Who among us can honestly report he was not afraid of what was under his own bed?  Many is the night I spend cowering under the cover, my bladder filled to bursting like a water balloon, too terrified to set foot on the floor because I knew, just knew, that something was waiting under there to get me.  This thing, I knew, played by certain rules which it was unable or unwilling to break.  For example, although it was as aware of my presence above the bed as I of its below, and although its appetite for little boys was as urgent as my need to pee, it would not, under any circumstance, slither out from under and just grab me on top.  It could only wait.  And its patience was terrible.  Terrible.

Looking back, I realize that it could only extend from under the bed as much as I extended out of it.  For example, if I stuck my foot over the edge as far as my ankle, it could, indeed could do nothing but, stick out a corresponding length of claw, tentacle, or mandible.

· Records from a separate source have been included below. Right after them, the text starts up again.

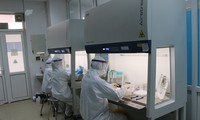 Đề xuất Bộ Y tế phê duyệt thêm 2 loại vắc-xin ngừa COVID-19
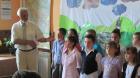 IMG_1561we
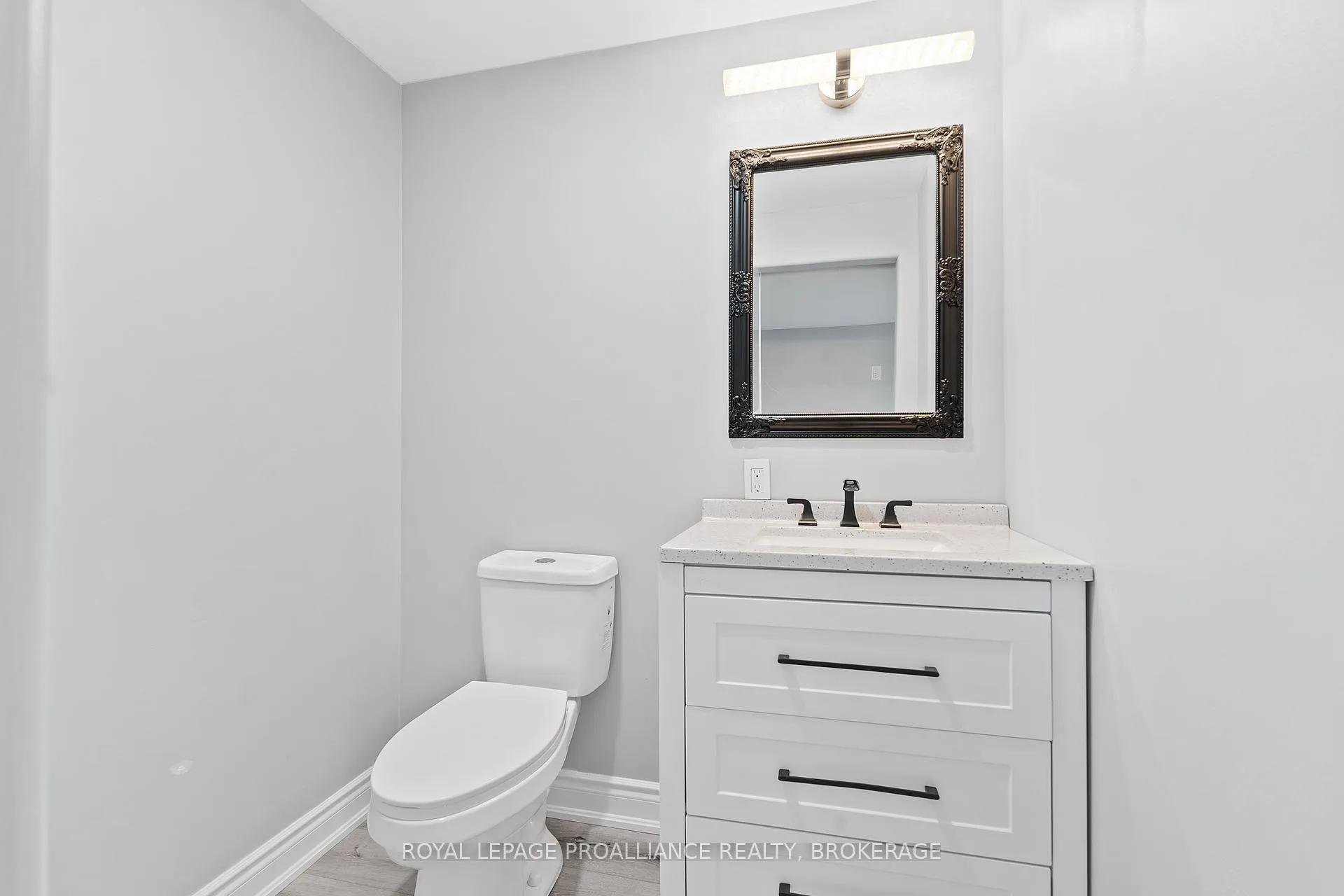 Photo 35 of 1556 Albany Drive, Kingston, City Northwest — HOMEH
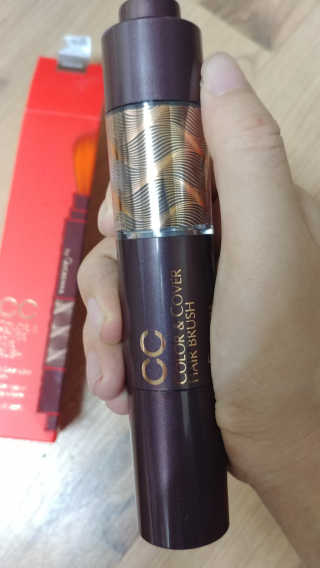 gkgkgk님이 올린 리뷰 사진 1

Obviously I never encountered this thing, otherwise I would not be writing this blog today, but I surmised rather conflicting things about its phenotype.  For example, it had both the oozy gelatinous quality of an under-cooked egg and the hard shiny carapace of a black stag beetle.  How both are possible, I can't say, unless it were some bedroom-dwelling relative of a soft-shell crab.

Its body, though amorphous, corresponded rigidly to the bed's dimensions, filling the space as thoroughly and precisely as if it had been a shadow.  The shadow comparison is an apt one, because being photophobic, it scuttled to whatever alternate dimension such creatures scuttle when the sun rose.  In fact, had I been able to turn on the light, I could have thumbed my nose at it with a carefree tra-la-la, but owing to some malevolent electrician's whim, the light switch had been placed on the wall by the door, diabolically out of reach of the bed, with several feet of no-man's-land hardwood flooring, intervening.

These irrational fears, thank the Lord, were only a phase, and I haven't suffered from them since my early 30s.  Now I have much more sensible fears: sinking foundations, old age, work.  I'm no longer scared of the dark; I actually find it comforting.  It's daytime that terrifies me.